WHAT IS BEING ASKED - Exact transcription of the following records is needed, with every picture dropped.

Image-caption web data -

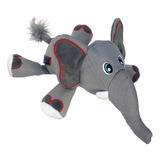 Elefante De Peluche Kong Ultra Cozie, Tamaño Mediano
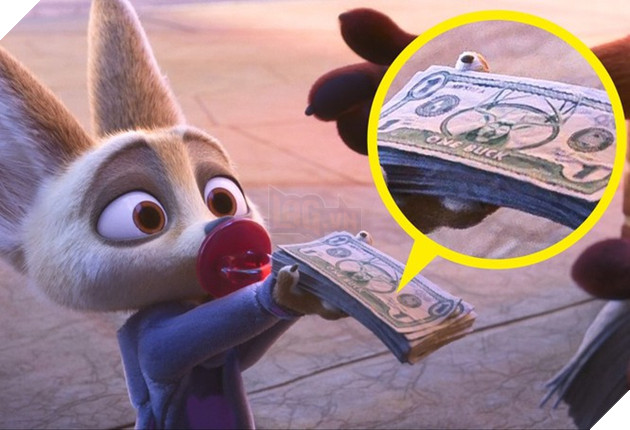 Loạt ảnh chứng minh sự tỉ mỉ đỉnh cao của hoạt hình Disney 11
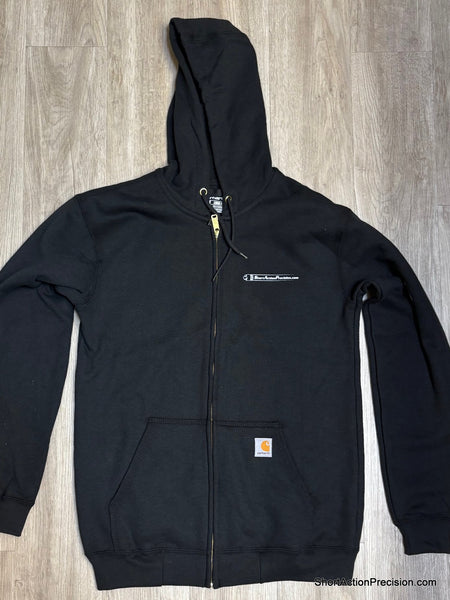 Black Carhartt Bullet Hoodie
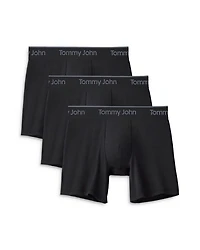 Second Skin Essentials 6" Boxer Briefs, Pack of 3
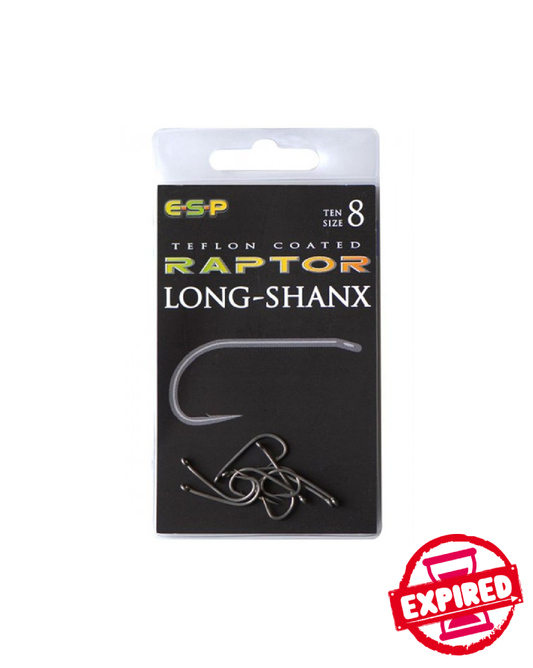 ESP® Raptor Long-Shank Hooks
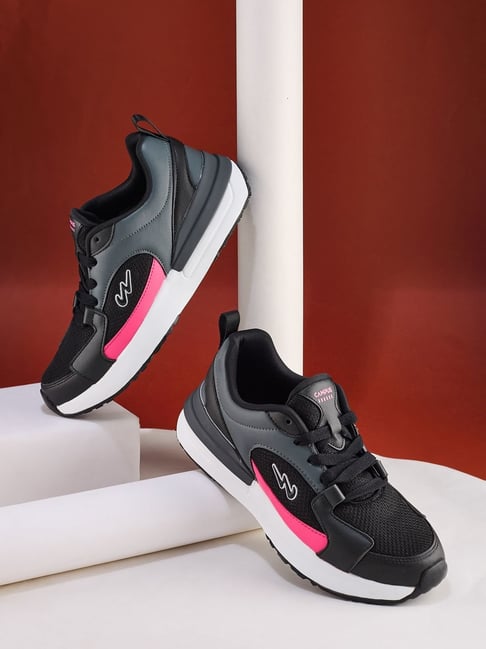 Campus Women's TEMPT Black Casual Sneakers-picture-11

EXERCISE ANSWER -
 Elefante De Peluche Kong Ultra Cozie, Tamaño Mediano
 Loạt ảnh chứng minh sự tỉ mỉ đỉnh cao của hoạt hình Disney 11
 Black Carhartt Bullet Hoodie
 Second Skin Essentials 6" Boxer Briefs, Pack of 3
 ESP® Raptor Long-Shank Hooks
 Campus Women's TEMPT Black Casual Sneakers-picture-11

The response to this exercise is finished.